In the meantime, in the present embodiment, while the LED data holding unit 522 holds the turn-on control data LD corresponding to 16 LEDs 562, it is required to read out four pieces of turn-on control data LD from the LED data holding unit 522 at one time in order to perform the time-sharing driving (in order to turn on the LEDs 562 on a block-by-block basis) at this backlight 50. Accordingly, at an inside of the control unit 521, the switching control signal SWCTL for switching the register that is the read destination of the turn-on control data LD is generated based on a maximum turn-on time (a maximum time during which each LED 562 is capable of lighting by a single driving operation) Tmax that is obtained as described later. It should be noted that this switching control signal SWCTL is also used for switching the supply destination of the power source voltage by the power supply switching circuit 540.

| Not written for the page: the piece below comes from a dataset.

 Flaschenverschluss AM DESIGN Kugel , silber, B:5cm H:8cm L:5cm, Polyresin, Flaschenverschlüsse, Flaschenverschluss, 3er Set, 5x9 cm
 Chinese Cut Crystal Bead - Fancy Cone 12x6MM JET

Here, when the number of blocks is NB and the lighting frequency of the LEDs 562 is FB, the maximum turn-on time is obtained by the following equation (1).Tmax=1/(NB×FB)  (1)

In a case in which the lighting frequency of the LEDs 562 is 480 Hz in the example of the present embodiment, the maximum turn-on time is obtained by the following equation (2).Tmax=1/(4×480)  (2)

In the control unit 521, based on the lighting frequency determined by referring to the look-up table 5212 as described above and the information on the number of blocks included in the operation setting data SD, the maximum turn-on time Tmax is obtained by the above equation (1). Then, the control unit 521 generates the switching control signal SWCTL based on the maximum turn-on time Tmax and reads out the turn-on control data LD for LEDs which are lighting targets from the LED data holding unit 522 based on the switching control signal SWCTL. Further, the control unit 521 controls the operation of the PWM/constant-current generating unit 525 based on the read turn-on control data LD and the maximum turn-on time Tmax. Furthermore, the control unit 521 outputs the switching control signal SWCTL to the power supply switching circuit 540. By this, the supply destination of the power source voltage can be switched every desired time in the power supply switching circuit 540.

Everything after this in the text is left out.